The issue with kryptology has been reported to Coinbase. The kryptology project on GitHub has since been archived. We were not able to identify any current projects that rely on the library’s threshold signature implementation.

The moral of the story

In the end, this is a cryptographic failure stemming from a completely understandable data validation oversight. Values provided by another party should always be checked against all applicable constraints before being used. Heck, values computed from values provided by another party should always be checked against all applicable constraints.

But if you look at mathematical descriptions of these ZK proofs, or even well-written pseudocode, where are these constraints spelled out? These documents describe the algorithms mathematically, not concretely. You see steps such as β←$Z*N, followed later by v = (N + 1)αβN (mod N2).
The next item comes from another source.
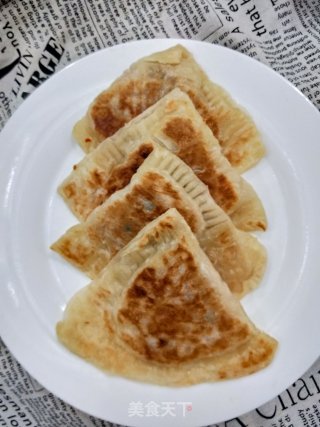 手抓饼版的酸菜饼的做法步骤：9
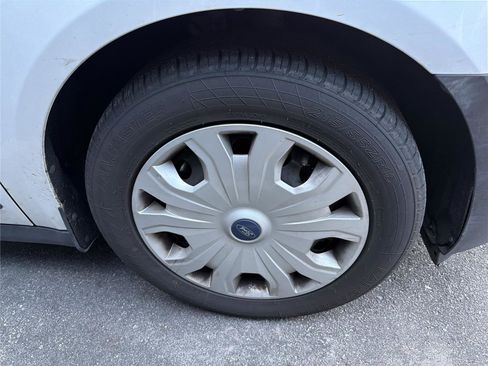 Used 2023 Ford Transit Connect XL image 13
From a mathematical standpoint, it’s understood that v is in Z*N2, and thus v ≠ 0. From a programming standpoint, though, there’s no explicit indication that there’s a constraint to check on v.

Trail of Bits maintains a resource guide for ZK proof systems at zkdocs.com. These types of issues are one of our primary motivations for such guidance—translating mathematical and theoretical descriptions into software is a difficult process. Admittedly, some of our own descriptions could explain these checks more clearly; we’re hoping to have that fixed in an upcoming release.
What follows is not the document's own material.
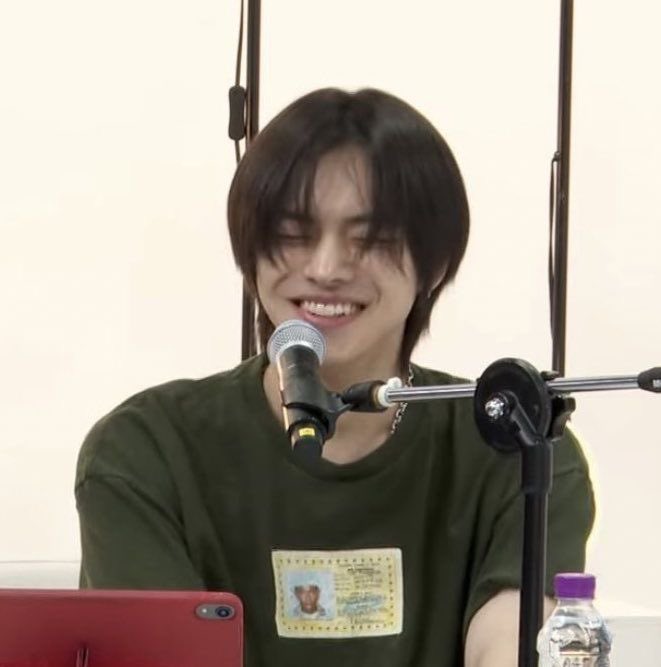 habbb404's tweet photo. 진짜로 이렇게 웃는게 이쁜사람 처음봄
어떻게 이렇게 웃지? 
눈 일자로 접히는게 너무 매력잇음.. https://t.co/yQdalNv8Zc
One piece of guidance that Trail of Bits likes to give auditors and cryptographers is to look out for two special values: 0 and 1 (as well as their analogues, like the point at infinity). Bugs related to 0 or its analogues have caused problems in the past (for instance, here and here). In this case, a failure to check for 0 leads to two separate bugs that allow attackers in a threshold signature scheme to lead honest parties down a rabbit hole.